Resterà l’evento principale del vertice di Bruxelles. Venti anni dopo l’avvio dei negoziati di Maastricht sulla moneta unica, per la quale aveva ottenuto una clausola “opt out”, il Regno Unito ha portato a compimento la logica del suo “isolamento”. Spinto dalla coppia Sarkozy-Merkel, decisa ad avanzare a tutti i costi sulla proposta di un “patto fiscale rafforzato,” David Cameron è stato brutalmente escluso dal processo decisionale europeo. L’Europa dei 26 (27 con la Croazia) cambia radicalmente faccia, e diventa sempre più simile a quell’unione continentale cara al generale de Gaulle, che voleva costruire l’Europa dall’Atlantico agli Urali, ma senza Gran Bretagna …
D’accordo per il Mercato comune, ma non per una maggiore integrazione di bilancio, fiscale o sociale, Londra ha sempre messo l’Europa al servizio dei propri interessi. Abbandonato anche dai suoi più fedeli alleati, come la Polonia, il Regno Unito di certo non lascia l’Unione europea, ma perderà influenza a Bruxelles, dove la sua politica del “cavallo di Troia” ha appena subito una grave battuta d’arresto. L’intera strategia britannica, che consiste nel fare della City la piazza finanziaria offshore dell’euro, rischia di essere messa in discussione da questa scelta isolazionista.
Ufficialmente, David Cameron, minacciato dagli euroscettici del suo stesso partito, dice di voler preservare la piazza di Londra dalle “draconiane” regolamentazioni richieste da Bruxelles. La paura britannica è chiara: che la zona euro decida di rafforzare i meccanismi di regolamentazione finanziaria e crei una tassa sulle transazioni finanziarie. È la fine dell’Unione europea a 27? Forse no. Europa e Regno Unito hanno bisogno l’una dell’altro. Forse sarebbe anche giunto il momento di porre la questione al popolo britannico stesso.
Di fronte all’aggravarsi della crisi, il governo britannico ha più volte chiesto una maggiore integrazione politica ed economica della zona euro, condizione perché l’economia britannica possa riprendere un percorso di crescita sostenibile. La crescita britannica e la potenza della City dipendono essenzialmente dalla vitalità della zona euro. Ma con dei limiti: la Gran Bretagna è preoccupata per i possibili effetti di un nuovo trattato che prefiguri una federalizzazione della zona euro. Con una conseguenza prevedibile: l’indebolimento della City o persino la trasformazione di Francoforte nel primo centro finanziario d’Europa.
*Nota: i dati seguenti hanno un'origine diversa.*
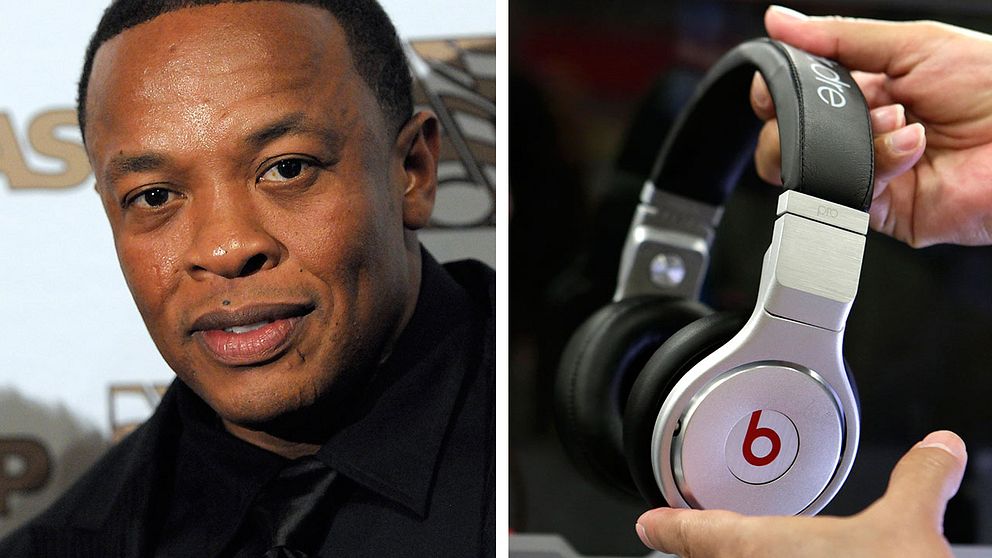Dr. Dre sålde sitt hörlursmärke Beats till Apple för 19,5 miljarder svenska kronor.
Forse la presa di posizione britannica assunta in occasione dell’ultimo Consiglio europeo di non aderire al progetto al nuovo trattato UE ha annunciato il Venerdì, e che fa temere per la fine dell’Europa a 27, poteva essere prevista.
David Cameron è di fronte a una scelta capitale: riprendere il sentiero dell’integrazione per rimanere nel cuore dei giochi, cosa che potrebbe significare l’adozione dell’euro, oppure restarne al di fuori e perdere i benefici derivanti dall’integrazione europea di cui Londra aveva finora approfittato senza, perlatro, la sottoscrizione di tutti gli impegni europei.
La Gran Bretagna non potrà certo rimanere passiva rispetto a questa riforma, se non vuole rischiare di essere ignorata o ritenuta responsabile di un’uscita dalla storia europea. Il rischio è infatti quello di uno scisma europeo. Lasciare l’Europa sarebbe un suicidio, e probabilmente è stata proprio questa paura a spingere Cameron ad una posizione così radicale.